Free-text object descriptions
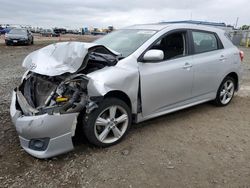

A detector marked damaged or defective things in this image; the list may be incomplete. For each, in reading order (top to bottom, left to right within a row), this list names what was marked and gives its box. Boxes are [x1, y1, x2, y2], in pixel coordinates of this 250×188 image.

crumpled front hood [22, 41, 107, 76]
detached front bumper [10, 91, 78, 159]
damaged front end [11, 41, 120, 159]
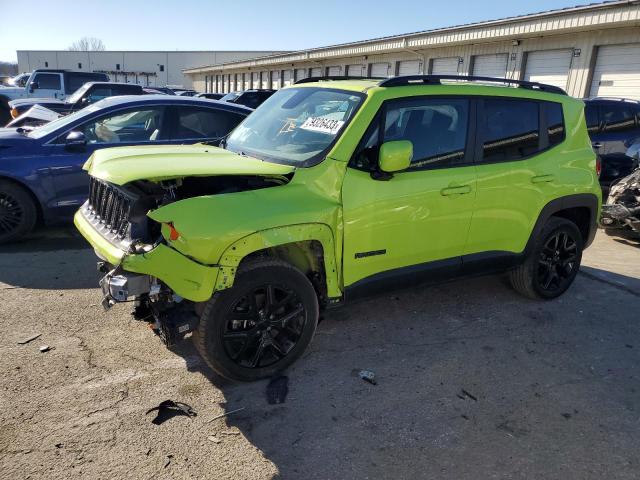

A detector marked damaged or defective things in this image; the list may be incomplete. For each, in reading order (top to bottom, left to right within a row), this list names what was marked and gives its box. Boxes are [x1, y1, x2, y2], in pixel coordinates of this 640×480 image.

crumpled hood [84, 143, 296, 185]
broken plastic debris [266, 376, 288, 404]
broken plastic debris [146, 400, 196, 426]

# WORK REQUIRED:
The answer must match the entries above line for line, with the pictures dropped.

# ANSWER BELOW:
A detector marked damaged or defective things in this image; the list may be incomplete. For each, in reading order (top to bottom, left to right within a row), this list names what was marked and gives its box. Boxes are [x1, y1, x2, y2], in pixel coordinates of this 250×188 image.

crumpled front hood [22, 41, 107, 76]
detached front bumper [10, 91, 78, 159]
damaged front end [11, 41, 120, 159]

A detector marked damaged or defective things in this image; the list may be incomplete. For each, in reading order (top to bottom, left to right within a row), this list names what was marked and gives its box. Boxes are [x1, y1, x2, y2], in pixel coordinates of this 640×480 image.

crumpled hood [84, 143, 296, 185]
broken plastic debris [266, 376, 288, 404]
broken plastic debris [146, 400, 196, 426]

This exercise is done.